As another commenter has noted, your connection list suggests you've connected LV1 twice, to both the Pi's RX and TX pins. But I suspect this is a typo and you meant LV2 the second time.
I would suggest first checking if flow control (RTS/CTS) is turned off on the Pi's serial port. If it's expecting hardware flow control lines to be set, it won't receive anything until they are. You should be able to do this in a terminal program on the pi.
If you have a multimeter, you can check your setup. I'm assuming this is a TTL UART because you've mentioned RX and TX.
At idle, the lines should all be in the high state, so you should measure with your multimeter the voltages on each side of the converter.
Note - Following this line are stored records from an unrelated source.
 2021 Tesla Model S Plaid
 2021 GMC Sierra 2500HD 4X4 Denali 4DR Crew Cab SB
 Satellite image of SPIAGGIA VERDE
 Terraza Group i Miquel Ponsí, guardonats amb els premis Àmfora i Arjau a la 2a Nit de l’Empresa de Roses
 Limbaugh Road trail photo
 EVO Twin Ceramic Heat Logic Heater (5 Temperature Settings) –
The LV1 and LV2 pins should be at 3.3V. The HV1 and HV2 pins should be at 5V.
If any of the channels are low at idle (e.g. both LV2 and HV2 near 0V), then one of your devices is probably configured incorrectly and is outputting a low signal at idle. Disconnect the devices from the converter and measure the corresponding pins again to find out which is the culprit. It'll then need reconfiguring.
If any of the LV1,LV2 pins are at 5V, then your converter is busted. Disconnect it immediately before it damages your Pi.
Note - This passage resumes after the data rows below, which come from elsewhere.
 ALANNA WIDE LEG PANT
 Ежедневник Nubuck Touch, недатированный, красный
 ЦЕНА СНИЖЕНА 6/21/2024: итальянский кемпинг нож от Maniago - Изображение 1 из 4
If any of the HV1,HV2 pins are at 3.3V, then your converter is not level-shifting properly. Try a different channel (3 or 4), or replace it with a non-amazon-sourced one.
If all of the voltages look good at idle, then you you can start seeing if data is getting through. For this I recommmend connecting a 100-470ohm resistor (value not critical) to an LED, and using this to see if you can "see" serial data by the blinks of the LED.
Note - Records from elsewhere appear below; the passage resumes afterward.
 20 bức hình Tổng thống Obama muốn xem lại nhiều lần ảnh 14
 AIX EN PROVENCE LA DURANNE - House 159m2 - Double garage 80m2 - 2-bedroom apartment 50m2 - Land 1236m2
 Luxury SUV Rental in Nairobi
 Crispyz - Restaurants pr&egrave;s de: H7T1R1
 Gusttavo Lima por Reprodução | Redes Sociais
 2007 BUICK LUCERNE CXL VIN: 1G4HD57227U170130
To use it, connect the positive side / anode of the LED+resistor to the LV supply, and the negative side / cathode to the LV1/LV2 pin that the Pi is transmitting on. Then cause the Pi to transmit a long sequence on its serial port (open a terminal program and hold down a key works). The led should flicker as the data is transmitted. If it doesn't, then your Pi isn't outputting data.
Then move the LED+resistor combo to the HV side of the converter - anode to HV supply, cathode to HV1/HV2, and see if it still blinks when you hold down the key. This should verify that the data is getting to the HV side.
Repeat with the other channel, transmitting from the Uno.
If all of the above seems to work, then maybe one side or the other is not receiving. Disconnect that side from the converter, and connect its TX pin directly to its RX pin, and see if you can receive your transmitted characters back again. If you can't, then the problem is somewhere with that device, rather than with the converter.